Eddie Berman

Portland, OR-based singer/songwriter Eddie Berman shares a second track, “Pascal’s Triangle,” from his upcoming album Frontiers, out September 20th. “Pascal’s Triangle” sees Berman’s heartfelt delivery resound through deliberate flatpicking and lush choral harmonies. Evoking the life-altering experience of seeing his first child for the first time after his wife’s tumultuous delivery, the track proves to be passionate and powerful.

The name of the song was inspired by a passage from John O’Donohue’s book Beauty, in which he paraphrases a quote from Blaise Pascal, saying: “In times of hardship keep an image of beauty in your mind.” Berman explains, “It’s the idea that holding on to one irreducible, genuinely beautiful thing can see you through anything. When I first read that notion, I immediately thought of the birth of my daughter. Holding her brand-new, little body against my chest felt like stepping into a new frontier. Parenthood is obviously a long and daunting road, but that first moment seems like it will sustain me through all of it.”

With Frontiers, the critically acclaimed troubadour surveys himself and the world around him over the course of 11 heartfelt vignettes rooted in his signature fingerpicking style, accompanied by ethereal lap steel, bellowing double bass, and orchestral percussion.

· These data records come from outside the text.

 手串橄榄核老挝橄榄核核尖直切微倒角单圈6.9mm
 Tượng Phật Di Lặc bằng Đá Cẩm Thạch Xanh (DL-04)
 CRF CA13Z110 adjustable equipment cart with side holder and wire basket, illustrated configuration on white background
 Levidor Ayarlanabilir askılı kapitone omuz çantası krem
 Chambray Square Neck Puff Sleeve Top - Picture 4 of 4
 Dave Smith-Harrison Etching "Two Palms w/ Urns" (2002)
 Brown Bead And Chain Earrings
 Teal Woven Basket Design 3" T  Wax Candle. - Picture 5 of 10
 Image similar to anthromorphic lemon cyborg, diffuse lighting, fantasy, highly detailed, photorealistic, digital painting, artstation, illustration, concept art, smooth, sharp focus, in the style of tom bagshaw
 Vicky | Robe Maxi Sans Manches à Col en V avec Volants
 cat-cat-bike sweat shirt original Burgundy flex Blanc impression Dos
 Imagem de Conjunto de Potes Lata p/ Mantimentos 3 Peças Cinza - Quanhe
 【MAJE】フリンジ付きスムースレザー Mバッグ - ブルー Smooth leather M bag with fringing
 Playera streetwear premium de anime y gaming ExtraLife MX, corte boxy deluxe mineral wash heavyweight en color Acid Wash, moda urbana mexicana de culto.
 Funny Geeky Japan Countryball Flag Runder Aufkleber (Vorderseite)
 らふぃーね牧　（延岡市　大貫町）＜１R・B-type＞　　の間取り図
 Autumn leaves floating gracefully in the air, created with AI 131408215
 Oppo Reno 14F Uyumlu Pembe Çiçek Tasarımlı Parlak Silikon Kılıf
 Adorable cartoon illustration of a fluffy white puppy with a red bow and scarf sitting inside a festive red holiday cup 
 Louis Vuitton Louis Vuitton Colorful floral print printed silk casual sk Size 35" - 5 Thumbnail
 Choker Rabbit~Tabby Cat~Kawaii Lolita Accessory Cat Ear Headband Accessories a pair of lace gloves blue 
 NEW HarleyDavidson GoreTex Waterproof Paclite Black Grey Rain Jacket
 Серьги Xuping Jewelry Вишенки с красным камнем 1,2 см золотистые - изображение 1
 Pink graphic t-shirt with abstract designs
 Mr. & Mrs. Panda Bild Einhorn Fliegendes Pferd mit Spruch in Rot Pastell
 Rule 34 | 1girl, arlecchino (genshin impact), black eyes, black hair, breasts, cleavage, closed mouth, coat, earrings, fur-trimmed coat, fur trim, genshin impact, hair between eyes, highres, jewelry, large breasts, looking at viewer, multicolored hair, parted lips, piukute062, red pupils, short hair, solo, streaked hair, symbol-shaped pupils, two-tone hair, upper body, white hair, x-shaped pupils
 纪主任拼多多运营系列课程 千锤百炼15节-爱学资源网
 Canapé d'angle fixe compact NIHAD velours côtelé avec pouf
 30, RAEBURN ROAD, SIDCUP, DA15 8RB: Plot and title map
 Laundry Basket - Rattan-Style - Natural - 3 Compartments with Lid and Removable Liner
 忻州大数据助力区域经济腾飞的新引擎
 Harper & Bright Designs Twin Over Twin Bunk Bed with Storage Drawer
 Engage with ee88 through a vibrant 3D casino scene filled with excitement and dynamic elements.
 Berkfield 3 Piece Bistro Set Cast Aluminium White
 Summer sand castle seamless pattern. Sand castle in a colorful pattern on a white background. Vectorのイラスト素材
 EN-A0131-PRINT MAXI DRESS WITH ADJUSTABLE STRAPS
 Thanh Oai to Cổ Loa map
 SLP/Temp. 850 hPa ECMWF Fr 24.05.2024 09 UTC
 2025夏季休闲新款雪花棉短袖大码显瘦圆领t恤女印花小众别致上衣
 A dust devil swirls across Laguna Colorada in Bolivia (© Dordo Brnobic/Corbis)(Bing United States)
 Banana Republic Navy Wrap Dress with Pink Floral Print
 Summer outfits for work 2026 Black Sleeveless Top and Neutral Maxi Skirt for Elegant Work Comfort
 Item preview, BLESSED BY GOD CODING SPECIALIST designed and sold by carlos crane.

The album, in all its warm yet vibrant production, is inspired by nature, literature, and, of course, the joys and struggles of Berman’s own life. He previously released lead single “The Match,” which blends bending fingerpicking and boisterous horns with a meditative beat soaked in droning harmonium.

Larry Campbell & Teresa Williams

Multi-instrumentalist, singer-songwriter Larry Campbell and singer-guitarist Teresa Williams’ acclaimed eponymous 2015 debut, released after seven years of playing in Levon Helm’s band – and frequent guesting with Phil Lesh, Little Feat, Jorma Kaukonen and Jack Casady, brought to the stage the crackling creative energy of a decades-long offstage union. A whirlwind of touring and promo followed, and when the dust cleared, the duo was ready to do it all again. Which brings us to Contraband Love, a riskier slice of Americana.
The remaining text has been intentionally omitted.